## PROBLEM TO WORK ON:
Your job is to return every line of the listing holding the string "Verificați".

## SUPPLIED RECORDS:
_ _ _ _ _ _ _
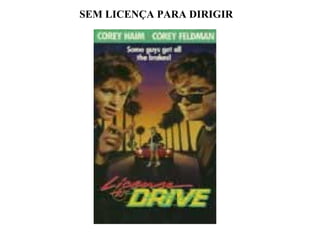 SEM LICENÇA PARA DIRIGIR 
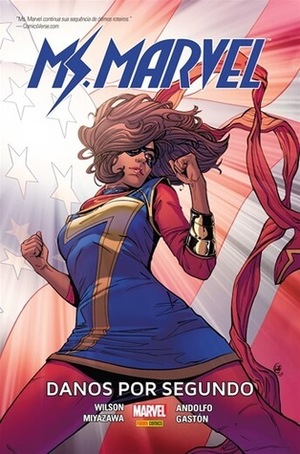 Ms. Marvel, Vol. 7: Danos Por Segundo by Takeshi Miyasawa, Mirka Andolfo, G. Willow Wilson, Francesco Gaston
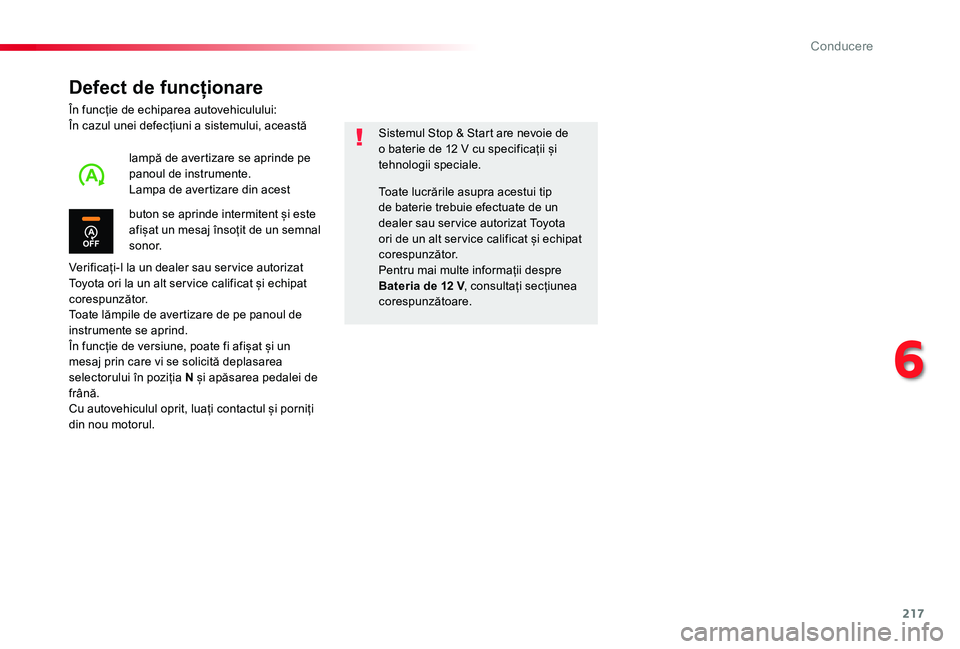TOYOTA PROACE VERSO 2019 Manual de utilizare (in Romanian) 217
Defect de funcționare
În funcție de echiparea autovehiculului:În cazul unei defecțiuni a sistemului, această
Verificați-l la un dealer sau ser vice autorizat Toyota ori la un alt ser vice TOYOTA PROACE VERSO 2019 Manual de utilizare (in Romanian) 217
Defect de funcționare
În funcție de echiparea autovehiculului:În cazul unei defecțiuni a sistemului, această
Verificați-l la un dealer sau ser vice autorizat Toyota ori la un alt ser vice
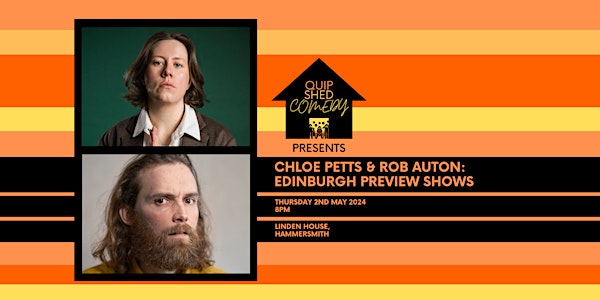 Quip Shed Comedy presents Chloe Petts & Rob Auton @ Linden House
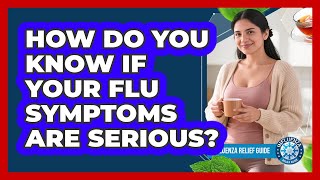 How Do You Know If Your Flu Symptoms Are Serious? - Influenza Relief Guide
_ _ _ _ _ _ _
## EXERCISE RESULT:
Verificați-l la un dealer sau ser vice autorizat Toyota ori la un alt ser vice TOYOTA PROACE VERSO 2019 Manual de utilizare (in Romanian) 217
Verificați-l la un dealer sau ser vice autorizat Toyota ori la un alt ser vice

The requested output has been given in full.